> Your goal: Each entry below should be written out exactly as it is, with no pictures.

Web page caption snippets
━━━━━━━━━━━━━━━━━━━━━━━━━━━━━━

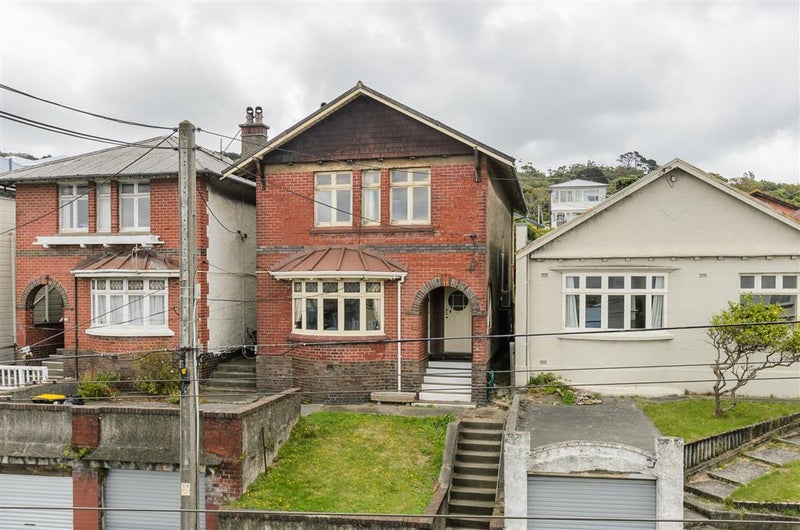 94 Wallace Street, Mount Cook, Wellington - Carousel 1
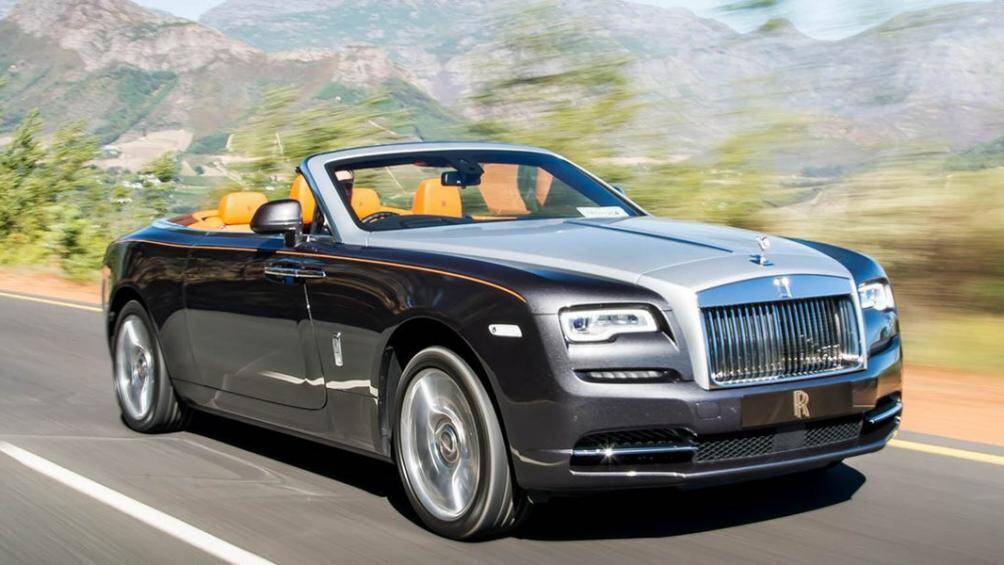 2. Rolls-Royce Dawn (giá: 356.500-428.050 USD)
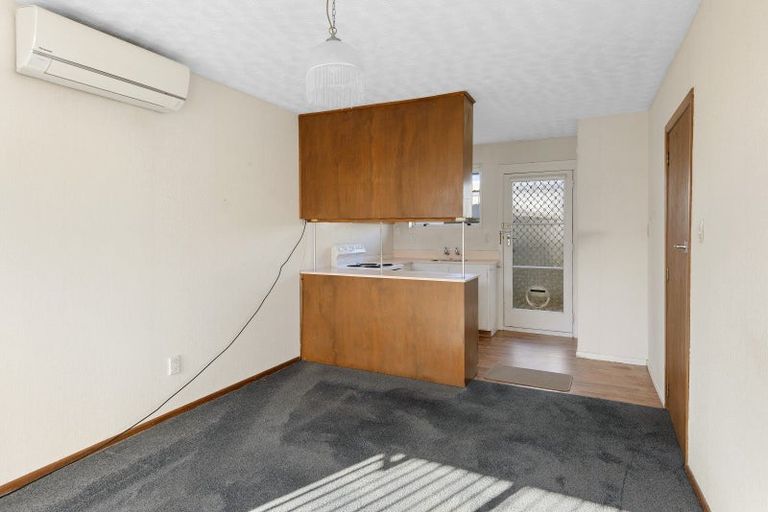 Photo of property in 4/63 Geraldine Street, Edgeware, Christchurch, 8013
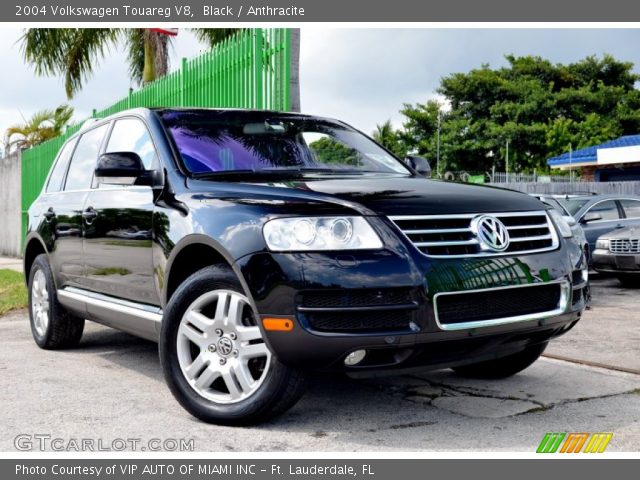 2004 Volkswagen Touareg V8 in Black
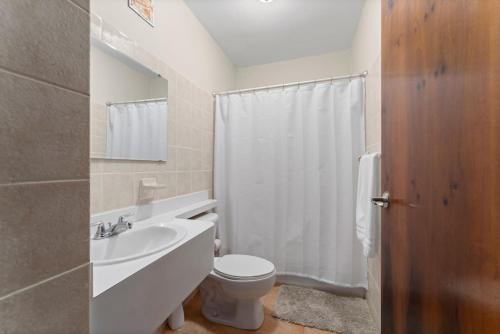 Ванная комната в Angelica Beachfront Paradise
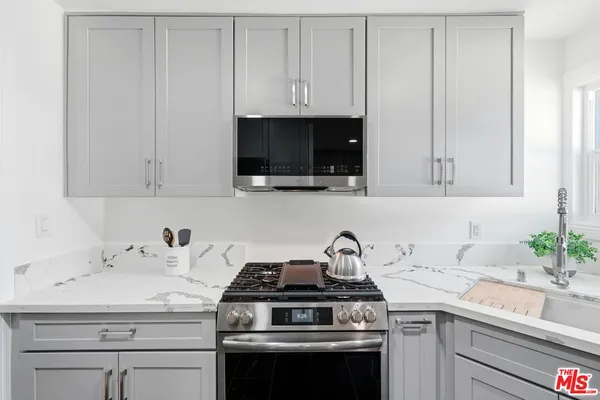 $1,044,990 | 11934 South Van Ness Avenue, Hawthorne, CA 90250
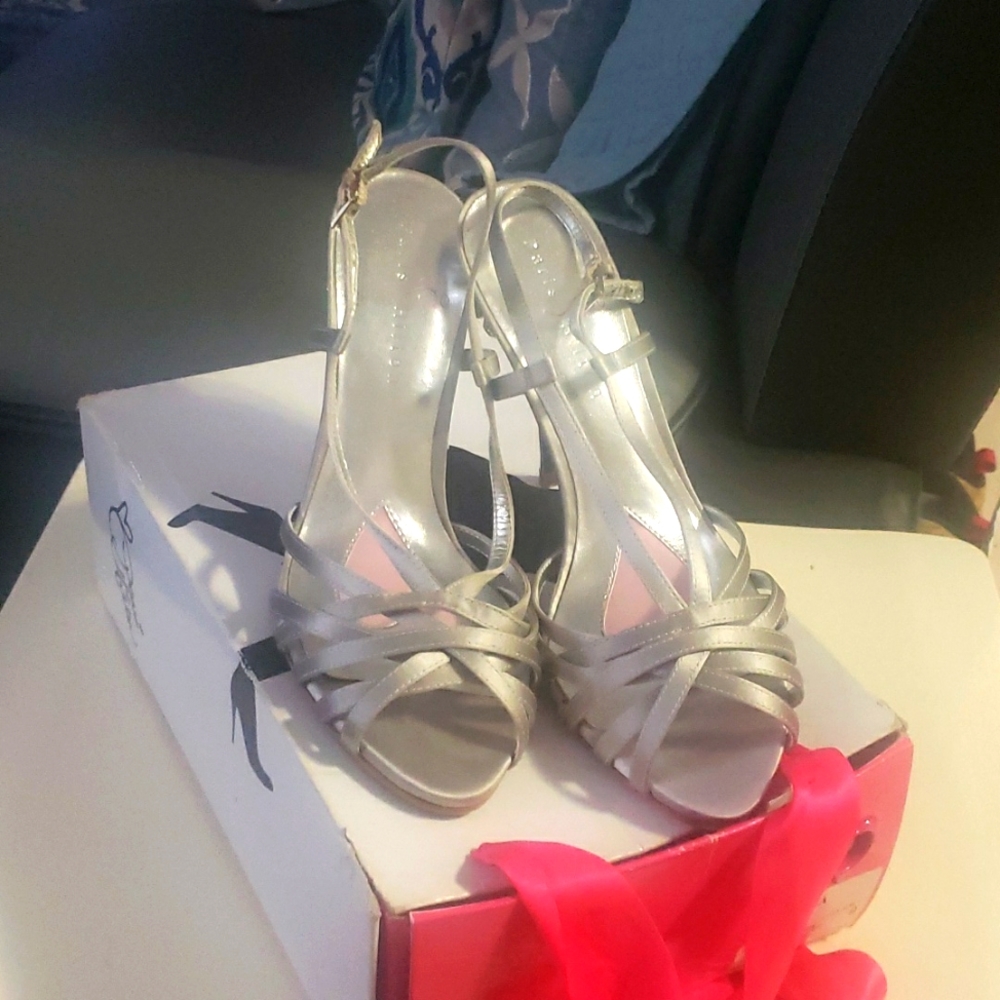 Paris Hilton Lora Grey Rhinestone Heels sz 9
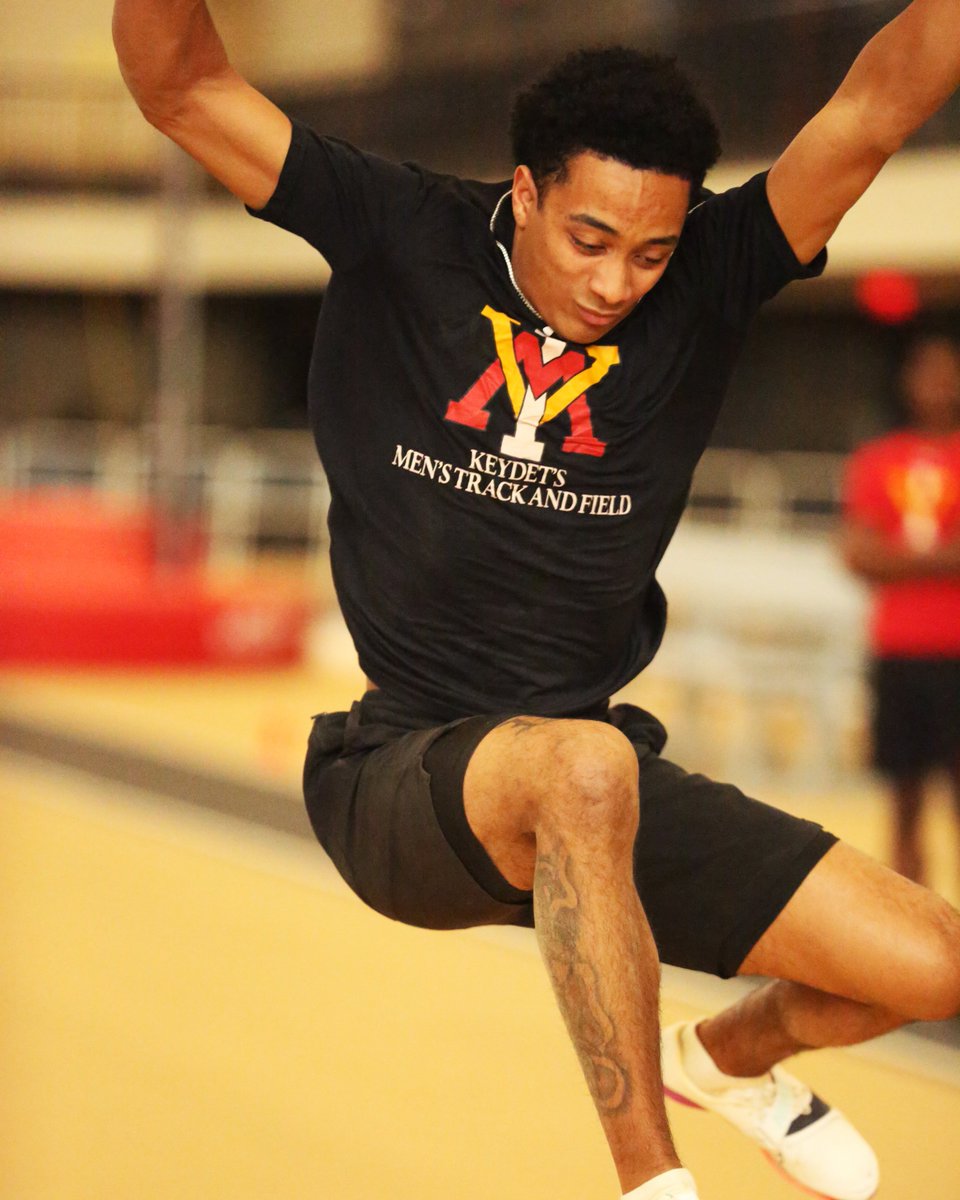 VMITandF's tweet photo. Hard at work

#RahVaMil https://t.co/v8kVYXPgGs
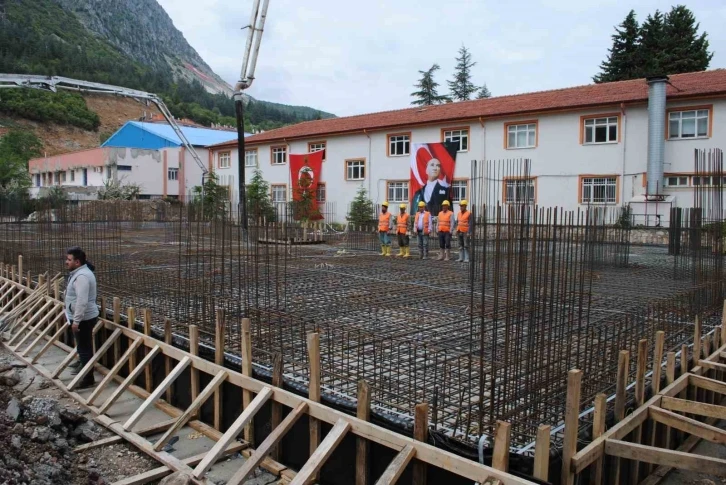 Eğirdir BİLSEM’in temeli törenle atıldı
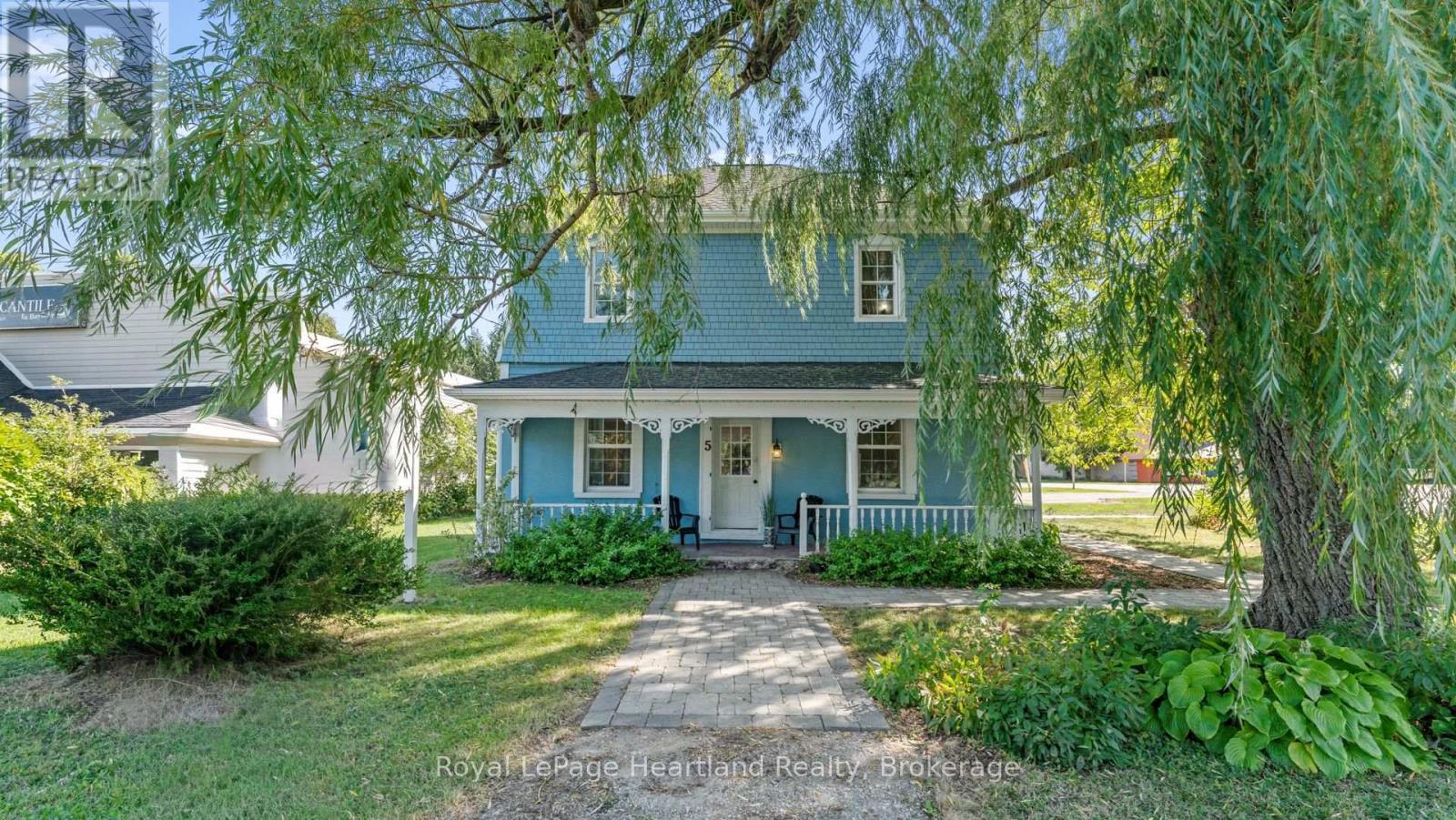 5 THE SQUARE, Bluewater, Ontario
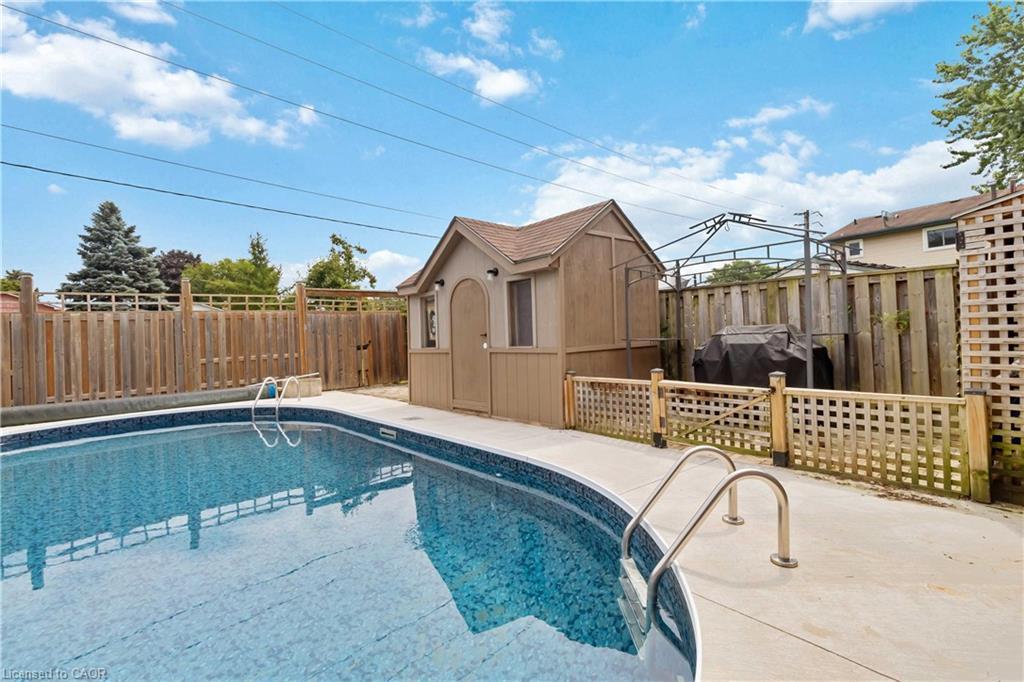 6 Equestrian Court, Brantford, ON - Outdoor With In Ground Pool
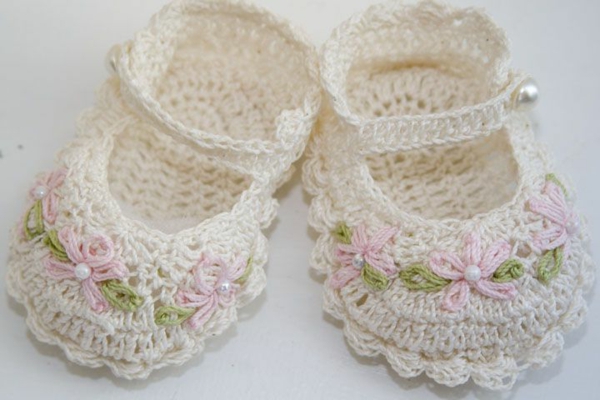 плетене на една кука-за-бебе-плетиво бебешки обувки-с-красив дизайн-бебе обувки-за-момичета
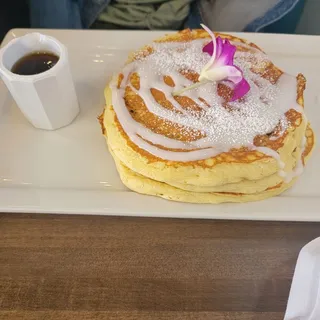 Cinnamon Roll Pancakes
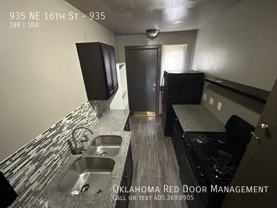 935 Ne 16th St #935 - Photo 1 of 1
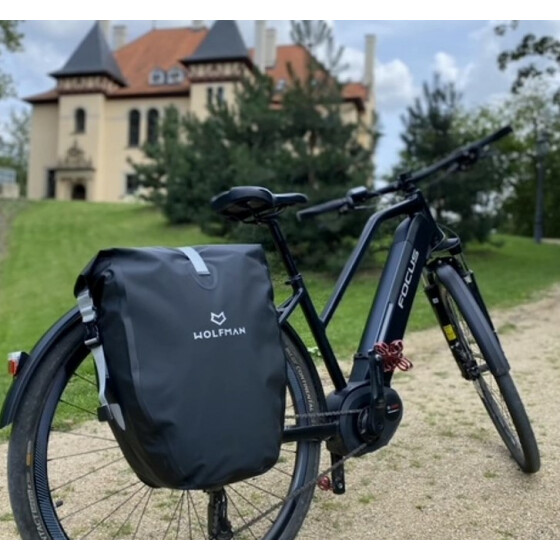 Wolfman 2in1 Fahrradtasche 23-28L Flexibles Volumen - 100% Wasserdicht  - Gepäckträgertasche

━━━━━━━━━━━━━━━━━━━━━━━━━━━━━━

> Answer for the task:
 94 Wallace Street, Mount Cook, Wellington - Carousel 1
 2. Rolls-Royce Dawn (giá: 356.500-428.050 USD)
 Photo of property in 4/63 Geraldine Street, Edgeware, Christchurch, 8013
 2004 Volkswagen Touareg V8 in Black
 Ванная комната в Angelica Beachfront Paradise
 $1,044,990 | 11934 South Van Ness Avenue, Hawthorne, CA 90250
 Paris Hilton Lora Grey Rhinestone Heels sz 9
 VMITandF's tweet photo. Hard at work

#RahVaMil https://t.co/v8kVYXPgGs
 Eğirdir BİLSEM’in temeli törenle atıldı
 5 THE SQUARE, Bluewater, Ontario
 6 Equestrian Court, Brantford, ON - Outdoor With In Ground Pool
 плетене на една кука-за-бебе-плетиво бебешки обувки-с-красив дизайн-бебе обувки-за-момичета
 Cinnamon Roll Pancakes
 935 Ne 16th St #935 - Photo 1 of 1
 Wolfman 2in1 Fahrradtasche 23-28L Flexibles Volumen - 100% Wasserdicht  - Gepäckträgertasche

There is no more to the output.